Uiterst links: ‘Stolen Lightning - the social theory of magic’ van D. L. O'Keefe. Midden: Raphaël Taylor, de Schotse geleerde die ‘many new insights’ in het leven van Hergé tevoorschijn heeft getoverd:


De prospectus is van begin vorig jaar. Inmiddels is de verschijningsdatum verschoven naar maart 2012. Of wordt het juni?


Opvallend: de fraaie signatuur van Hergé (uit 1941) op het omslag is vervangen door een lettertype dat niet veel karakter heeft en vooral obese is. Ingreep op last van de rechthebbenden? Heeft professor Taylor iets boven water gehaald wat de erven niet zint?

maandag 6 februari 2012

Rituelen


Mooi portret in de Volkskrant van tekenaar Philip Paquet (De coolheid spat af van zijn jazzstrips) die mijmert over ‘een oprecht verlangen naar de mooie dingen van vroeger, naar degelijkheid’. Een tikkeltje obligaat misschien, maar evengoed verslikte ik me in de onverhoedse oprisping van mijn eigen, strikt particuliere gemis: het zaterdagritueel van dertig jaar geleden. De wandeling naar Concerto voor tweedehands bebop, naar Lambiek voor de nieuwe titels van het overijverige Yendor* en tenslotte naar Heuvel voor een eerste biertje.

Hier wordt de melancholie eens niet op haar wenken bediend: platenzaak, stripwinkel en kroeg hebben hun deuren nimmer gesloten. En als ik beweer dat het nu toch anders is (al was het maar omdat Kees Kousemaker voor eeuwig zwijgt), ben ik even voorspelbaar als Philip Paquet.

Foto!


Georges Remi, 15 maart 1937 - de sterfdag van H.P. Lovecraft:

The world is indeed comic, but the joke is on mankind.


*) De gehypte Dominique Hé bleek deerlijk slecht, Ziekenhuis van Ted Benoît liet me niet onberoerd, maar vooral Martin Veyron was een auteur naar mijn hart.

vrijdag 3 februari 2012

Geripte roofdruk


Ben je als veilingmeester de jure medeplichtig aan heling als je illegale uitgaven afhamert? Een enkele lezer vond dat nogal straf verwoord: ‘Het doet geen kwaad. Het gaat toch bijna altijd om liefhebbersuitgaven in kleine oplagen.’

En toch.

Je begeeft je in elk geval op glad ijs, al was het maar omdat de feiten bij dit soort drukken oncontroleerbaar zijn.
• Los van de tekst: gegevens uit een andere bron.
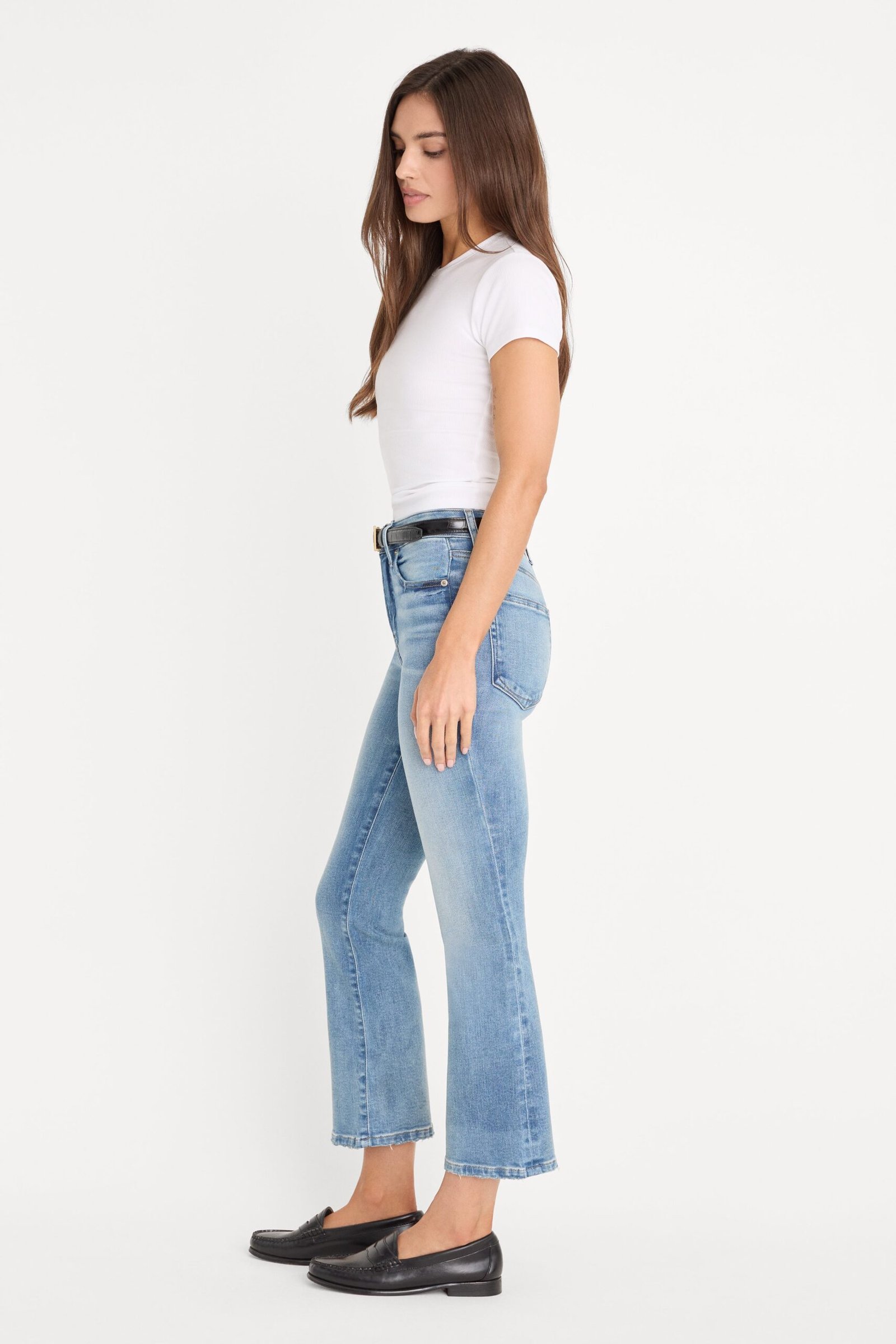 SOFT TECH GOOD LEGS CROP MINI BOOT JEANS| INDIGO1293 - Image 4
Catawiki-veiling, kavel 49:


Luxe uitgegeven malligheid uit 1990. Met een handvol ingekleurde plaatjes uit SOVIETS en wat eigen fröbelwerk wordt verhaald over de eerste ontmoeting (‘La Rencontre Imprévue’) van Kuifje en Bobbie in Brugge.
Begin jaren negentig was het album op de kop te tikken voor duizend Belgische franken (destijds rond de vijftig gulden). De oplage is dan ook niet tien exemplaren, zoals hier door de verkoper wordt beweerd, maar zesmaal tien exemplaren geletterd A tot en met J:

Cet album toilé est donc strictement réservé et limité à six fois 10 exemplaires lettrés de "A" à "J" et 2 exemplaires numérotés *Hc1* et *Hc2* réservés aux auteurs.
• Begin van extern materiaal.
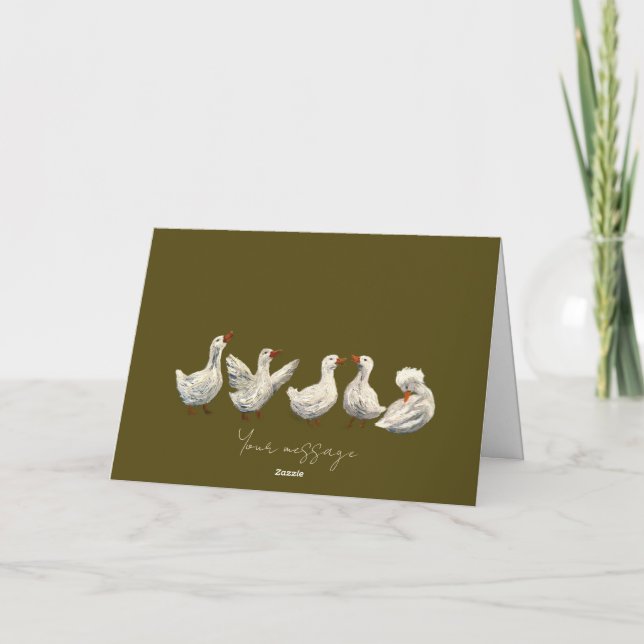 Quiet Quack: White Duck Starry Night Goose Kort (Baksida)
Tienmaal zoveel dus. En ook dat klopt niet helemaal. Het album is kort na verschijning geript: er is een roofdruk van gemaakt, herkenbaar aan het dunnere papier. Eveneens geletterd/genummerd, maar daar zijn dan weer zoveel dezelfde letters/nummers van bekend, dat die authenticiteitsbelofte geen enkele waarde heeft.
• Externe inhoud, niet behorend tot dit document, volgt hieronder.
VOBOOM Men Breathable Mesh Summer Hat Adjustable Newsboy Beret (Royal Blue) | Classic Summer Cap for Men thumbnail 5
Om de zaken nog wat ingewikkelder te maken: van de ‘authentieke’ albums met F en G-lettering op het dikkere papier circuleren zoveel exemplaren dat a) ook de oorspronkelijke makers hebben gelogen over de kleine oplage of b) er naast de roofdruk uit begin jaren negentig nog een roofdruk is gemaakt op beter papier.

Enfin, leuk voor de linnenfetisjist, zullen we maar zeggen. En een bewijs dat je met deze handel als veiling vroeg of laat de bietenbrug op gaat.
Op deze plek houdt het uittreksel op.